The French and German texts provide the most in-dept coverage of the Holocaust, including information about the German antiJewish policies and actions, the concentration camps, and results of the Holocaust. The French text is only one of the six that uses the term “Holocaust,” although both the German and French texts include the phrase “Final Solution.” It is interesting that these two texts also contain some of the same document excerpts including the Wannsee Conference speech and the Nuremberg testimony of the Auschwitz commander.

There are discrepancies in the Russian interpretation of the Katyn massacre as compared to those by the French and German authors. The Russian text does not mention the massacre of Polish army officers, which is discussed in both the German and French texts; in fact, the Russian author attributes the destruction of the village of Katyn to Germany. This has long been a topic of disagreement between the Germans and Russians, and the texts of these countries reflect the controversial nature of this issue.

“War in the Pacific. 1939-1943”

The Japanese, French, and Russian texts include information about all four events in this topic (Table 3). This is the only topic in which the Japanese authors have addressed each event. Three out of the four events receive “extensive coverage” in the Japanese text. Ironically, the only event which does not is the period from Midway to the U.S. invasion of the Philippines, a period of Japanese decline. Both the Japanese and U.S. texts provide “extensive coverage” of the events leading to Pearl Harbor, although both focus almost exclusively on their respective domestic situations. The German, British, and U.S. texts all omit any discussion on Occupied Asia, although each includes information about Occupied Europe. Less emphasis on the Asian War, as a whole, than on the European is found in the German and British texts and there is very little discussion on Japan itself by the German, British, or U.S. authors. The French text provides fairly equitable coverage of all events in this topic. It is the only text to discuss the joint chiefs of staff arrangement and the Allied strategy of defeating Hitler first. The battle of Midway is neither mentioned by name nor described in either the British or the German text. It is described in greatest detail by U.S. authors, which is understandable due to the U. S. participation in the battle, but it also receives a great deal of explanation in both the French and Russian tests. The Japanese text mentions Battle of Midway, but includes little else on this event. This is very similar to the coverage of the attack on Pearl Harbor, which also includes not details.
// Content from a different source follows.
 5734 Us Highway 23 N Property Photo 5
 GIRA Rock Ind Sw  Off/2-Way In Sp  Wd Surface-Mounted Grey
In discussing the Japanese expansion into Southeast Asia, there is disagreement as to the goals of Japan The British text insists that Japan wanted British colonies; the Russian text has Japan moving into French colonies; the German test says that American interests were threatened; and the U. S. text says that the Dutch Fast Indies were Japan’s primary goal. The Japanese text mentions both the Dutch East Indies and French territories as goals. . After the bombing of Pearl Harbor, there are differences among the all of texts over who declared war on whom. There is also a difference between the Japanese and American authors’ descriptions of the events leading to why Pearl Harbor attack was late; the U. S. authors accuse Japan of purposefully drawing out the negotiations

“World War 11, 1943-1945”

During 1943-1945, the advantage in the war slowly began to shift in favor of the Allies; however, brutal fighting was necessary to force Germany and Japan to surrender. As the fighting in North Africa came to a close, new fronts were opened in Italy and France, and fighting intensified in the Pacific. The allied leaders met fact to face in a series of conferences that would determine not only the fates of Germany and Japan, but would affect the development of the postwar world as well. One leader escaped assassination, while another died before the end of the war. Finally, the war ended in a cloud of death as the most horrifying weapon the world had ever known was unleashed against the Japanese.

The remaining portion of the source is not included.